The article was originally published in May-June 2022 issue of the Harvard Business Review.
Keystone co-founder and Chairman, Marco Iansiti and Microsoft CEO, Satya Nadella, recently published an article in Harvard Business Review that summarizes three “pillars” of digital transformation (technology, architecture, and capability) and establishes a maturity model for the “stages” of digital transformation. Their insight is derived from years of research, examining why some companies struggle to reap the benefits of investments in digital transformation while others see successful results.
The authors break down digital maturity into five stages, based on their research examining hundreds of companies in manufacturing, health care, consumer products, financial services, aerospace, and pharma/biotech. In the traditional stage, while firms may benefit from pockets of innovation, they are typically organizationally and digitally siloed in a way that limits their ability to collaborate and innovate with data. As they mature, companies typically de-silo and change their ways of working to leverage real-time data to drive collaboration and experimentation. Companies in the highest levels of maturity (platform and digital native stages) leverage a comprehensive software and data foundation to support business units in developing innovative, AI and ML-enabled technologies.

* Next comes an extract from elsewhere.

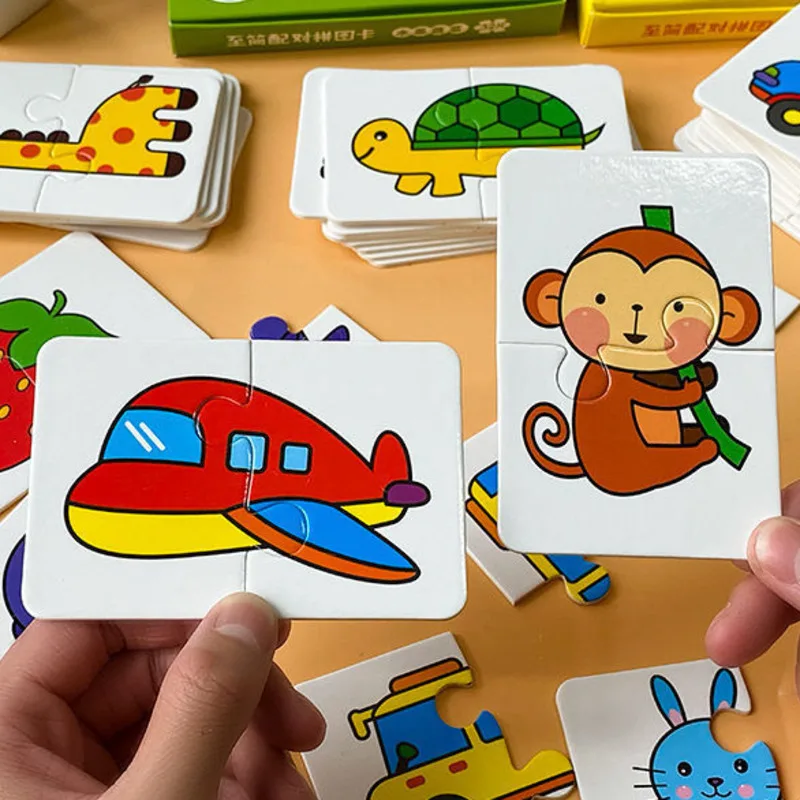 32Pcs Toddler Matching Card Early Montessori Education Puzzle Toys Cartoon Jigsaw Animal Color Shape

Ultimately, a successful digital transformation requires that all employees work together to rethink how every aspect of the business should operate.

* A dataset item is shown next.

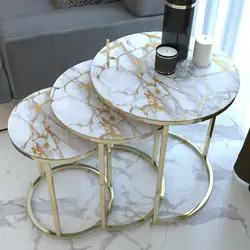 Decorative Gold Nesting Table Set of 3 Unbreakable Tempered Glass Luxury Marble Design Home Living Room 3Pcs Furniture Accessory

Along with the article, the authors also published a survey that allows readers to understand the digital maturity of their organization, and highlights areas to focus on for continued transformation.

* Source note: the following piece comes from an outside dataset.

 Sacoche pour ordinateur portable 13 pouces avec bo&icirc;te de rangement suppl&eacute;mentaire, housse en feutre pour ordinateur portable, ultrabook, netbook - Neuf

Summary: Many companies struggle to reap the benefits of investments in digital transformation, while others see enormous gains. What do successful firms do differently? This article describes the five stages of digital transformation, from the traditional stage, where digital and technology are the province of the IT department, through to the platform stage, where a comprehensive software foundation enables the rapid deployment of AI applications. The ideal is the native stage, whose hallmarks are an operating architecture designed to deploy AI at scale across a huge, distributed spectrum of applications; a core of experts; broadly accessible, easy-to-use tools; and investment in training and capability-building across the enterprise.